====== RECORDS FOR THIS TASK ======

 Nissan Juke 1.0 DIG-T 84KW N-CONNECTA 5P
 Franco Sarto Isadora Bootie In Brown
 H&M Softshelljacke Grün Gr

======
====== RECORDS FOR THIS TASK ======

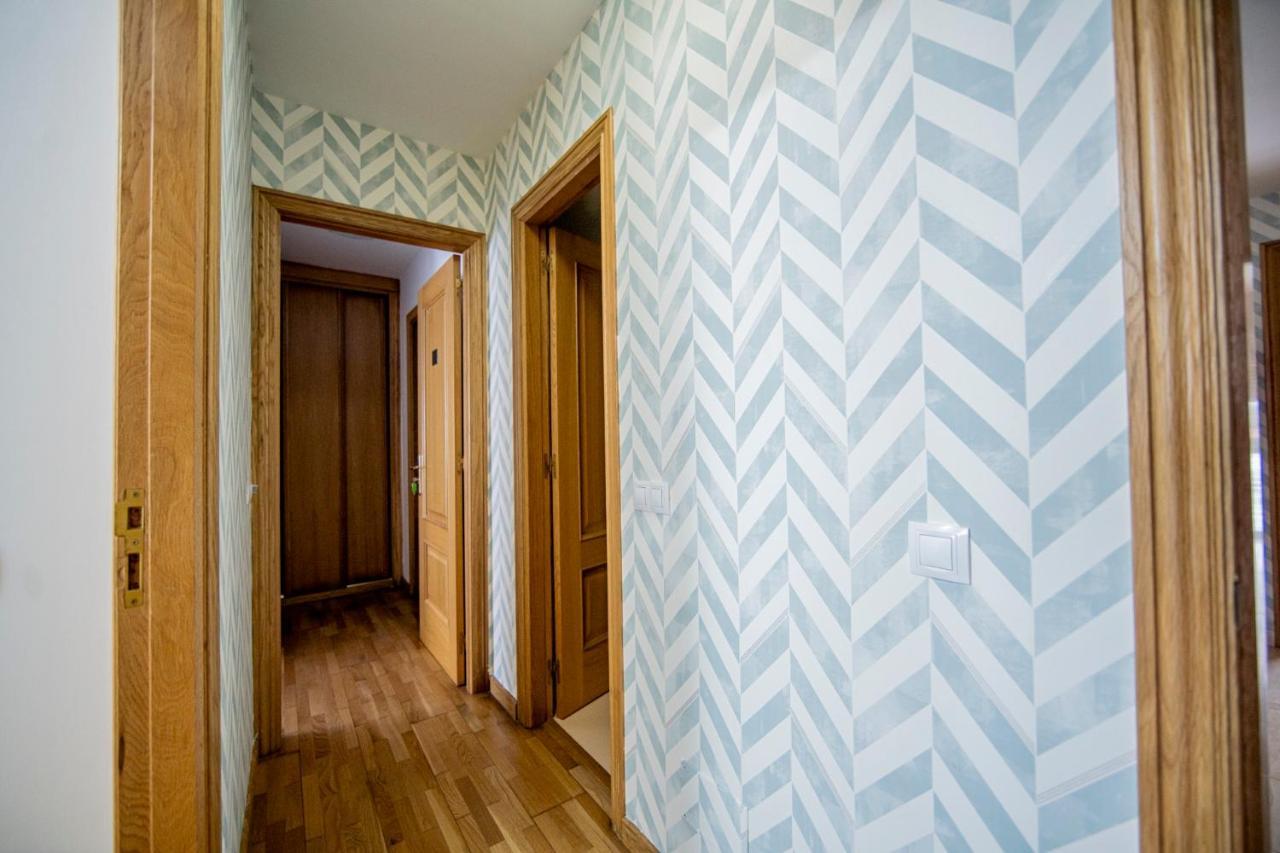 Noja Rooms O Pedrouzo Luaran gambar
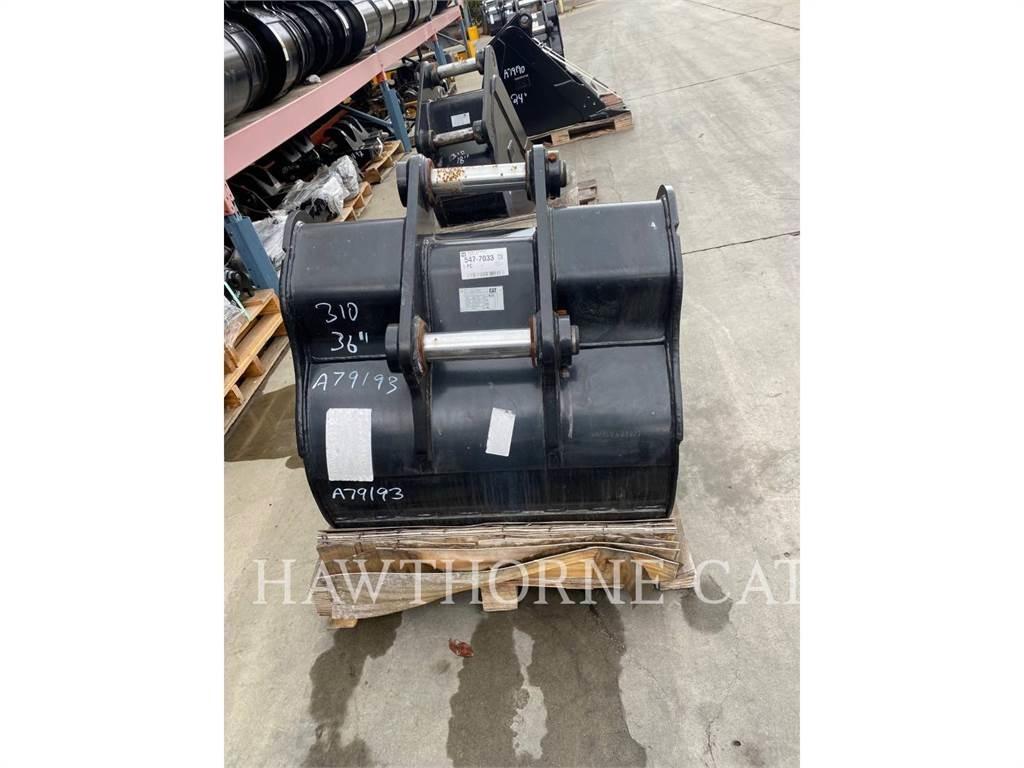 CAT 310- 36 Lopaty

======

Only the lines above starting at the line that holds "Franco Sarto Isadora Bootie In Brown" and ending at the line that holds "H&M Softshelljacke Grün Gr" are to be repeated, exactly and in full.

RESULT OF THIS EXERCISE:
 Franco Sarto Isadora Bootie In Brown
 H&M Softshelljacke Grün Gr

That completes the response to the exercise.